Web page caption snippets
-- Opening Marker --

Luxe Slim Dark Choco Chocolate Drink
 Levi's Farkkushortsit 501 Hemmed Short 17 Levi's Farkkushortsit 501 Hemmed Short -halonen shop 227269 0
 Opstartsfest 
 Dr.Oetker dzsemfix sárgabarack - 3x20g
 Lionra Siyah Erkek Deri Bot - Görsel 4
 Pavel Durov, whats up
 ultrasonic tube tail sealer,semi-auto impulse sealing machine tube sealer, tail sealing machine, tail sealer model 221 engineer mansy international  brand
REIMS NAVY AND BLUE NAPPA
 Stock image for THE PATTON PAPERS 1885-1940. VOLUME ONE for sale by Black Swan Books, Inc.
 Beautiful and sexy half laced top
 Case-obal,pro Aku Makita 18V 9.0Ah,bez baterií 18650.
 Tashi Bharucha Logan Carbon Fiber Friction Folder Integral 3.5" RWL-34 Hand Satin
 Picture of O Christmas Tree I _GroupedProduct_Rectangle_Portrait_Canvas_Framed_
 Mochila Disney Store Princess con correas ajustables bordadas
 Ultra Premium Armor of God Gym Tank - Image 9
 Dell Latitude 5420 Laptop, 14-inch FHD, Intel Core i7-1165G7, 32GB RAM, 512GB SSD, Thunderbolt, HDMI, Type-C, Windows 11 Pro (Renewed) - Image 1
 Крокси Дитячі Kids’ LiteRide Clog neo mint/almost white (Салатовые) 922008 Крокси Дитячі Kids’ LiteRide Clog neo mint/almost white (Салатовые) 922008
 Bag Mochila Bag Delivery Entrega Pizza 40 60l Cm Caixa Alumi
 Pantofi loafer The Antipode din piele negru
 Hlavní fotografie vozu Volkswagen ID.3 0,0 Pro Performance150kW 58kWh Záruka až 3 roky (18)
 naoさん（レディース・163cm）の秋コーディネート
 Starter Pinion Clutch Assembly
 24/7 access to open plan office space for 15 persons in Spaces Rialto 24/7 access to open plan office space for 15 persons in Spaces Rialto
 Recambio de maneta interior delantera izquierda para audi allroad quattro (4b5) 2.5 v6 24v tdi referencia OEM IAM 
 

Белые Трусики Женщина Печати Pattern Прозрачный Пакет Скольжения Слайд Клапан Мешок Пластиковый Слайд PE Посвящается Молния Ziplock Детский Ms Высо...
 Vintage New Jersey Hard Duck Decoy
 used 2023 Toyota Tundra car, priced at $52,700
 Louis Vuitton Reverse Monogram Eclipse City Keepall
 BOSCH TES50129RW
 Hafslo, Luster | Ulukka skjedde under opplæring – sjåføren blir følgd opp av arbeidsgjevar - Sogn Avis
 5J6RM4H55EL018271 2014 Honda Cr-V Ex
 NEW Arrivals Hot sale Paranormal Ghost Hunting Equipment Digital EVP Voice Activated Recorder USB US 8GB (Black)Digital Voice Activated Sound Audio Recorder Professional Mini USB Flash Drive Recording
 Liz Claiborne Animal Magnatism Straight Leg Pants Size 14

-- Closing Marker --

> Work item
Reproduce all the entries above. Match them exactly.

> Result of the exercise
Luxe Slim Dark Choco Chocolate Drink
 Levi's Farkkushortsit 501 Hemmed Short 17 Levi's Farkkushortsit 501 Hemmed Short -halonen shop 227269 0
 Opstartsfest 
 Dr.Oetker dzsemfix sárgabarack - 3x20g
 Lionra Siyah Erkek Deri Bot - Görsel 4
 Pavel Durov, whats up
 ultrasonic tube tail sealer,semi-auto impulse sealing machine tube sealer, tail sealing machine, tail sealer model 221 engineer mansy international  brand
REIMS NAVY AND BLUE NAPPA
 Stock image for THE PATTON PAPERS 1885-1940. VOLUME ONE for sale by Black Swan Books, Inc.
 Beautiful and sexy half laced top
 Case-obal,pro Aku Makita 18V 9.0Ah,bez baterií 18650.
 Tashi Bharucha Logan Carbon Fiber Friction Folder Integral 3.5" RWL-34 Hand Satin
 Picture of O Christmas Tree I _GroupedProduct_Rectangle_Portrait_Canvas_Framed_
 Mochila Disney Store Princess con correas ajustables bordadas
 Ultra Premium Armor of God Gym Tank - Image 9
 Dell Latitude 5420 Laptop, 14-inch FHD, Intel Core i7-1165G7, 32GB RAM, 512GB SSD, Thunderbolt, HDMI, Type-C, Windows 11 Pro (Renewed) - Image 1
 Крокси Дитячі Kids’ LiteRide Clog neo mint/almost white (Салатовые) 922008 Крокси Дитячі Kids’ LiteRide Clog neo mint/almost white (Салатовые) 922008
 Bag Mochila Bag Delivery Entrega Pizza 40 60l Cm Caixa Alumi
 Pantofi loafer The Antipode din piele negru
 Hlavní fotografie vozu Volkswagen ID.3 0,0 Pro Performance150kW 58kWh Záruka až 3 roky (18)
 naoさん（レディース・163cm）の秋コーディネート
 Starter Pinion Clutch Assembly
 24/7 access to open plan office space for 15 persons in Spaces Rialto 24/7 access to open plan office space for 15 persons in Spaces Rialto
 Recambio de maneta interior delantera izquierda para audi allroad quattro (4b5) 2.5 v6 24v tdi referencia OEM IAM 
 

Белые Трусики Женщина Печати Pattern Прозрачный Пакет Скольжения Слайд Клапан Мешок Пластиковый Слайд PE Посвящается Молния Ziplock Детский Ms Высо...
 Vintage New Jersey Hard Duck Decoy
 used 2023 Toyota Tundra car, priced at $52,700
 Louis Vuitton Reverse Monogram Eclipse City Keepall
 BOSCH TES50129RW
 Hafslo, Luster | Ulukka skjedde under opplæring – sjåføren blir følgd opp av arbeidsgjevar - Sogn Avis
 5J6RM4H55EL018271 2014 Honda Cr-V Ex
 NEW Arrivals Hot sale Paranormal Ghost Hunting Equipment Digital EVP Voice Activated Recorder USB US 8GB (Black)Digital Voice Activated Sound Audio Recorder Professional Mini USB Flash Drive Recording
 Liz Claiborne Animal Magnatism Straight Leg Pants Size 14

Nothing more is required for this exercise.